===== RECORDS SHOWN =====
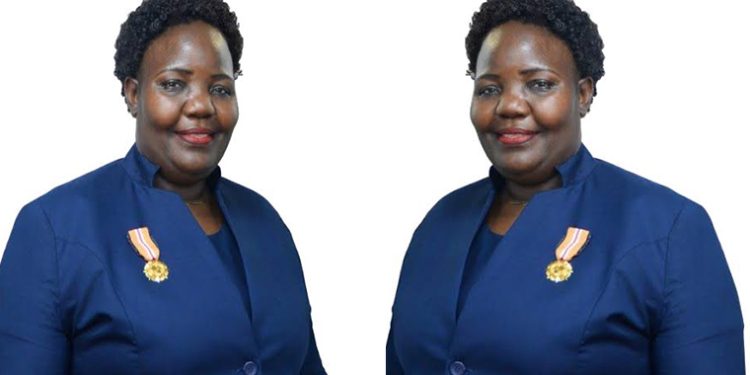 ERA Retains Shs250 Lifeline Rate, Sets Electricity Unit Charges Up to Shs779.4 for July–September 2026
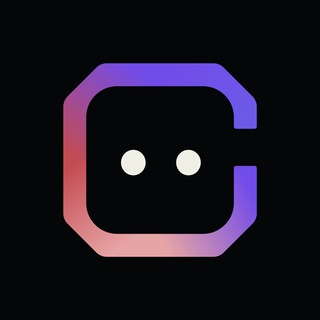 ChainGPT Pad Official Announcements Channel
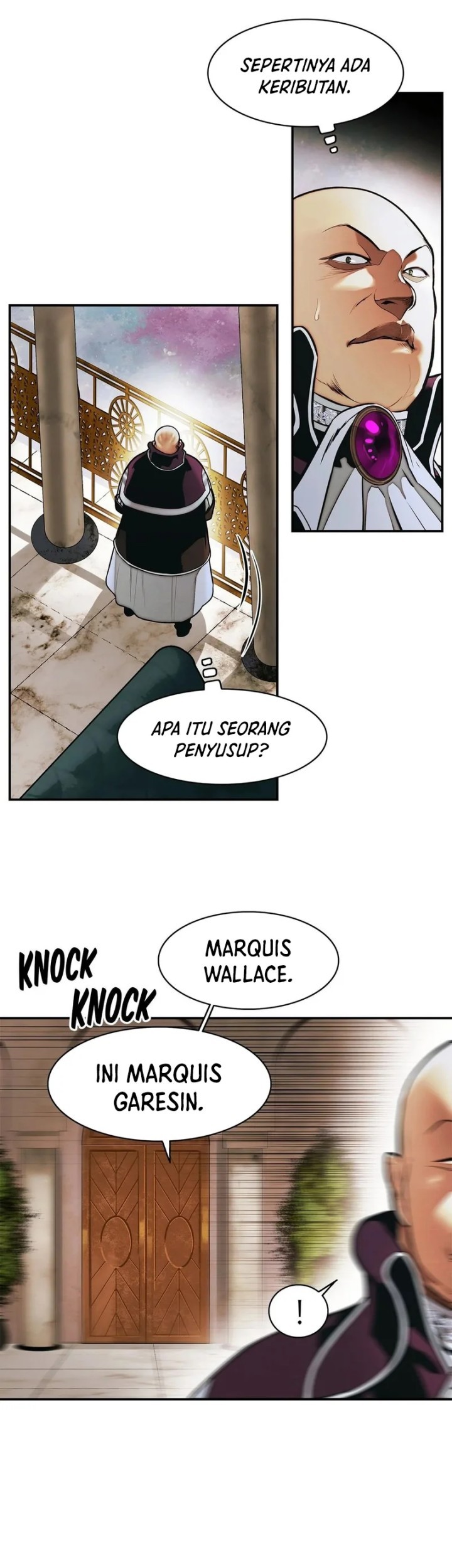 Chapter 217 - halaman 4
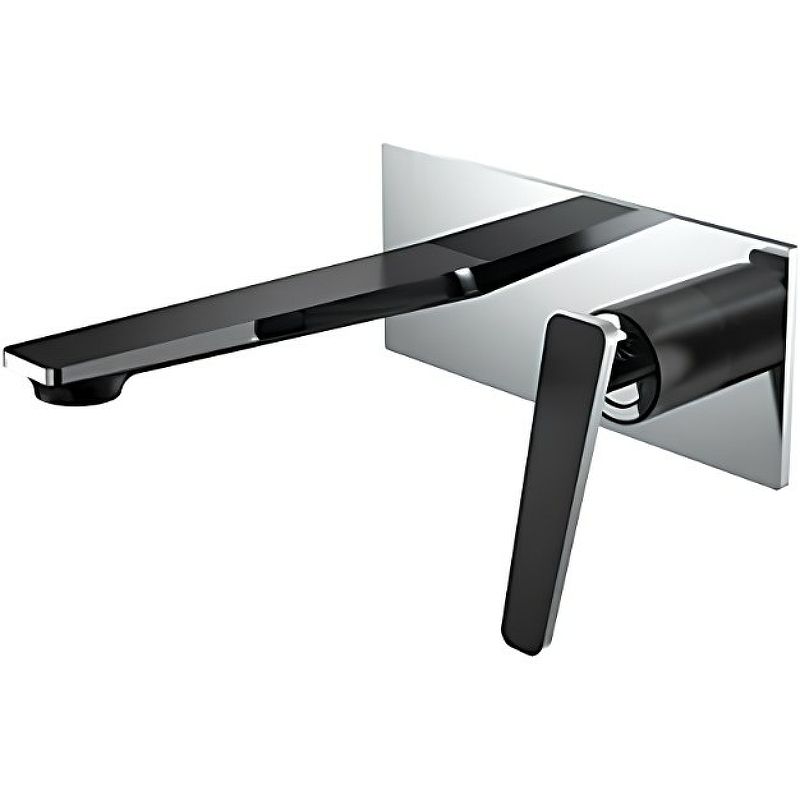70815_original.jpg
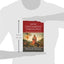 New Testament Theology: Magnifying God in Christ
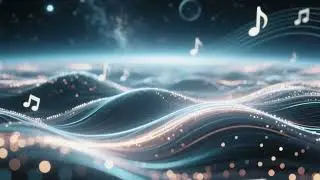 This 432Hz ‘Earthing’ Music Melts Away Anxiety Thousands Are Listening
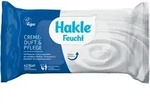 Hakle Feucht Toilettenpapier Cremeduft & Pflege 42 T&uuml;cher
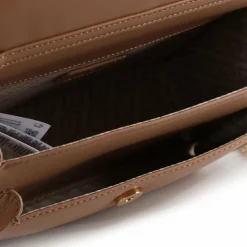 Liu Jo Caliwen Umhängetasche M 22 cm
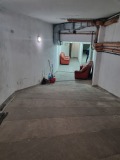 Продава ГАРАЖ, ПАРКОМЯСТО, гр. Варна, Трошево, снимка 2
=====
Each line, from the beginning of the listing to the line bearing "New Testament Theology: Magnifying" inclusive, should be copied exactly; the pictures stay out.

 ERA Retains Shs250 Lifeline Rate, Sets Electricity Unit Charges Up to Shs779.4 for July–September 2026
 ChainGPT Pad Official Announcements Channel
 Chapter 217 - halaman 4
70815_original.jpg
 New Testament Theology: Magnifying God in Christ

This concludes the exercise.